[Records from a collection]
****

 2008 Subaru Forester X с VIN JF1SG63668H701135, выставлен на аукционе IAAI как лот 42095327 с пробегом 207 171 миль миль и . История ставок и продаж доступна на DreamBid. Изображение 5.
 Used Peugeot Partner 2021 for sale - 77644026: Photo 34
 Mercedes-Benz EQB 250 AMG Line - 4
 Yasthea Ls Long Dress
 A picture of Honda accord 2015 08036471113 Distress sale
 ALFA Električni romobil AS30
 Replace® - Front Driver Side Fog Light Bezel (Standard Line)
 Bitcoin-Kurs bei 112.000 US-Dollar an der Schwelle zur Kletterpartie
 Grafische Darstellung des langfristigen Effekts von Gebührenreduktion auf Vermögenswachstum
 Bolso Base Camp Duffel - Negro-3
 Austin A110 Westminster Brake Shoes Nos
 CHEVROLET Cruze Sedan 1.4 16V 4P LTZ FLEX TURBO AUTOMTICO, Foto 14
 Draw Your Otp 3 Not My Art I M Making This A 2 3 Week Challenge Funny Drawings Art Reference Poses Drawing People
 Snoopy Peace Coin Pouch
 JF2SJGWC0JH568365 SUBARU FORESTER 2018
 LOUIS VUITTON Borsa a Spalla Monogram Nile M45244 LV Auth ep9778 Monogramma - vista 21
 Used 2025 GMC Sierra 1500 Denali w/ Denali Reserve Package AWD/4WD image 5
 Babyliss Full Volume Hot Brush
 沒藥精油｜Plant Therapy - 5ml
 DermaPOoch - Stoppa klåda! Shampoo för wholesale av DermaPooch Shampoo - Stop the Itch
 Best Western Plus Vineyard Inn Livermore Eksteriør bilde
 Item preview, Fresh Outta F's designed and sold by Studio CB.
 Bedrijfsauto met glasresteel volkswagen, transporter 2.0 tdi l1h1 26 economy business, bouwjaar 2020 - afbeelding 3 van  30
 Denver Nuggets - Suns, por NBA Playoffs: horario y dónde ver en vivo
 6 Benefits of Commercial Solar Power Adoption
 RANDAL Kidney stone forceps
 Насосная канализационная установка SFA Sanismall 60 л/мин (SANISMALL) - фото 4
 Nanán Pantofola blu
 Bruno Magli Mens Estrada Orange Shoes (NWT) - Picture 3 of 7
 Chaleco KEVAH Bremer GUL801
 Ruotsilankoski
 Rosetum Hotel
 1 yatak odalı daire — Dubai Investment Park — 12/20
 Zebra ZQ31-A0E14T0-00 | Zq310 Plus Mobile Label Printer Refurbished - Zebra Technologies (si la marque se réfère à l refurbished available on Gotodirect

****

◆ What is expected: State the number of lines in the data above containing the string "Used" and nothing more.

◆ Task solution: 2